Ricevuto quell'ordine, senza attendere rinforzi, senza riunire i legionari, poco lontani, Masina si volge agli ufficiali di Stato maggiore gridando: andiamo noi, e tutti alla corsa si lanciano all'assalto, sfidando la grandine di palle che partono dal micidiale casino.
Il troppo animoso Masina, già precedentemente ferito in una spalla, cade mortalmente colpito da una palla, che gli trapassa il petto. La sua caduta non arresta gli altri, che cacciano a tutta corsa i cavalli entro il casino, si spingono su per l'ampia scalea che mette al primo piano, sorprendono i tiratori nemici, e li volgono in fuga.
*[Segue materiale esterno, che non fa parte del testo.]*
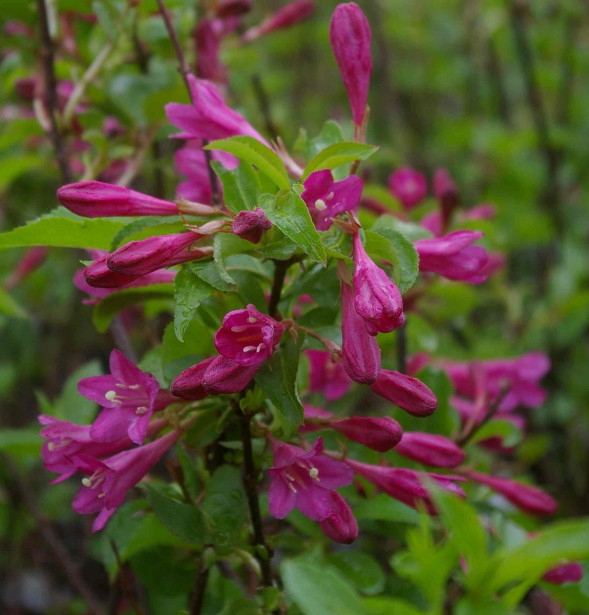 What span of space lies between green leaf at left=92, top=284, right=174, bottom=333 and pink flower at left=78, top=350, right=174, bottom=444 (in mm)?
93

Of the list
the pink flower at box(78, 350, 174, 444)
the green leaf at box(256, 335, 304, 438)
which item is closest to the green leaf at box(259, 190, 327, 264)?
the green leaf at box(256, 335, 304, 438)

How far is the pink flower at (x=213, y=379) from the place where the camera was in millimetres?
698

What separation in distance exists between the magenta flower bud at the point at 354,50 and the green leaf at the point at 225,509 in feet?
1.51

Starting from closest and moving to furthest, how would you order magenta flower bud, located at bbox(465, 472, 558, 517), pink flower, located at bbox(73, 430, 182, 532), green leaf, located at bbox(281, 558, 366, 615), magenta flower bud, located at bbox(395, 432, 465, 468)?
green leaf, located at bbox(281, 558, 366, 615), pink flower, located at bbox(73, 430, 182, 532), magenta flower bud, located at bbox(395, 432, 465, 468), magenta flower bud, located at bbox(465, 472, 558, 517)

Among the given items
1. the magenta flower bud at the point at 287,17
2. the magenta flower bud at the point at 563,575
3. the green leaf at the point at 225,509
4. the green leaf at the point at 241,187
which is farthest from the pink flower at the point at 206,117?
the magenta flower bud at the point at 287,17

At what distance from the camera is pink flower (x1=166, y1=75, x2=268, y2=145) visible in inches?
35.3

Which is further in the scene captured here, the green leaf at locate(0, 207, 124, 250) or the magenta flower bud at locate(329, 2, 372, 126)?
the magenta flower bud at locate(329, 2, 372, 126)

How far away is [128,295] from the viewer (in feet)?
2.99

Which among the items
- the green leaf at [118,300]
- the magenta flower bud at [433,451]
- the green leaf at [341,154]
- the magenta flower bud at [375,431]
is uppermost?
the green leaf at [341,154]

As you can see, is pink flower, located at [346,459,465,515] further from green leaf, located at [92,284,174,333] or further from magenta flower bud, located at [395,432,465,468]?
green leaf, located at [92,284,174,333]

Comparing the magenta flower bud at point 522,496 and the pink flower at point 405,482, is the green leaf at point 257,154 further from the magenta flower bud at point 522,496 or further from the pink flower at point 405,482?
the magenta flower bud at point 522,496

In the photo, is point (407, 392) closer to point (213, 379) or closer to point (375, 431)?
point (375, 431)

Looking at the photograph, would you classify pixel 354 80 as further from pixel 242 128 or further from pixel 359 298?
Answer: pixel 359 298

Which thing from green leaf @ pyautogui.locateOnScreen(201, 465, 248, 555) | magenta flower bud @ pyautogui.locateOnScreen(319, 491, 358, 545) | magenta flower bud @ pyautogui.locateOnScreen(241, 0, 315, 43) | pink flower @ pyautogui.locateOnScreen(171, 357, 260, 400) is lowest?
magenta flower bud @ pyautogui.locateOnScreen(319, 491, 358, 545) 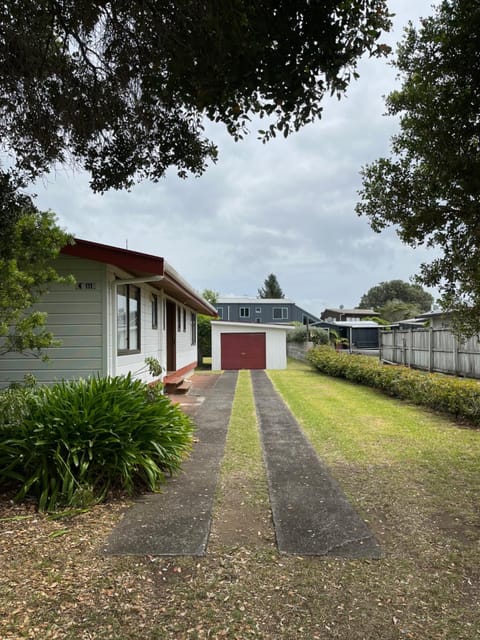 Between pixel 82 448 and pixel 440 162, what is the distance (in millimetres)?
4397

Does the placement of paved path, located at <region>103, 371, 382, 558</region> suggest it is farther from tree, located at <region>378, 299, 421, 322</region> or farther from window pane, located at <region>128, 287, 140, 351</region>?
tree, located at <region>378, 299, 421, 322</region>

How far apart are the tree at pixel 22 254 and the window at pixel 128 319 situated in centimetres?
259

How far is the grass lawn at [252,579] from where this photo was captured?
234 centimetres

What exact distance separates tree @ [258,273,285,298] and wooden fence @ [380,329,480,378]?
54747 millimetres

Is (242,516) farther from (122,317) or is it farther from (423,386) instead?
(423,386)

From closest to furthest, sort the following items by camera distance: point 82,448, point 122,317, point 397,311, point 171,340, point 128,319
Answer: point 82,448 → point 122,317 → point 128,319 → point 171,340 → point 397,311

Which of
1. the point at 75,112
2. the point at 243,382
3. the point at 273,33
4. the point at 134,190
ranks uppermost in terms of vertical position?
the point at 75,112

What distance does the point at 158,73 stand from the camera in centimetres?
405

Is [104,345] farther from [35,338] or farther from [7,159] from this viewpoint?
[7,159]

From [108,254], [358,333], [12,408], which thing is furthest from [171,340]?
[358,333]

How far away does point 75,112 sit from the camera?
4828 mm

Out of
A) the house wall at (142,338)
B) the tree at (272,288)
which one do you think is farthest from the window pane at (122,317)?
the tree at (272,288)

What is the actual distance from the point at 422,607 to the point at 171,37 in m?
4.61

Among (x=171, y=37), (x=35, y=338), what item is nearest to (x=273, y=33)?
(x=171, y=37) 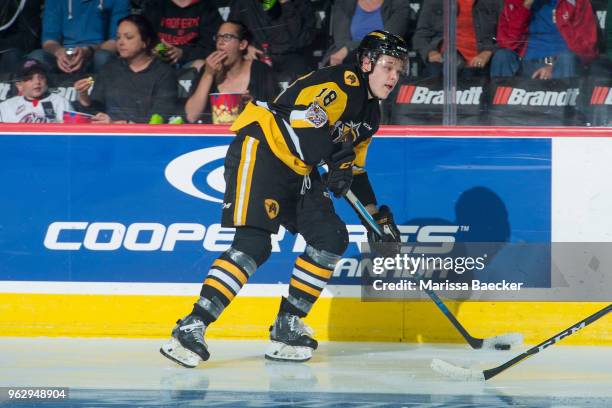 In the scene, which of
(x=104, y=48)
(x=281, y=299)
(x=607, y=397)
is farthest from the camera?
(x=104, y=48)

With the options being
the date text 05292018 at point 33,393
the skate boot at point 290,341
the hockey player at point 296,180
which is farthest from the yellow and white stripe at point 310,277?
the date text 05292018 at point 33,393

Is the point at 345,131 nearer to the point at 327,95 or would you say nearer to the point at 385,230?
the point at 327,95

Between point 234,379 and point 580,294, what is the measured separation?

Ma questa loro vittoria durò poco.
Alle 9 del mattino, i francesi, avendo portato al combattimento le loro riserve, occuparono tutte le ville che circondano e dominano la Porta di San Pancrazio. La Legione italiana, dopo sforzi incredibili ma alquanto disordinati, dopo aver lasciato sul campo quasi tutti i suoi ufficiali, i quali, ancor pieni dei ricordi di Montevideo, avevano combattuto più da soldati che da ufficiali, aveva dovuto mettersi in salvo entro il Vascello, davanti alle folte schiere dei francesi, che si avanzavano da tutte le parti.
Arrivarono allora i 600 bersaglieri lombardi, "gente addestrata alle manovre della catena e alle mosse di linea".
Emilio Dandolo e Pisacane e altri autorevoli scrittori militari fanno torto a Garibaldi di avere ordinato gli assalti con forze ogni volta impari allo scopo, anche quando poteva disporne di maggiori.
Ogni compagnia - scrisse Emilio Dandolo nel già citato libro - fece nobilmente il suo dovere; ma tutte, perchè adoperate isolatamente e successivamente, dovettero perdere quello che avevano guadagnato.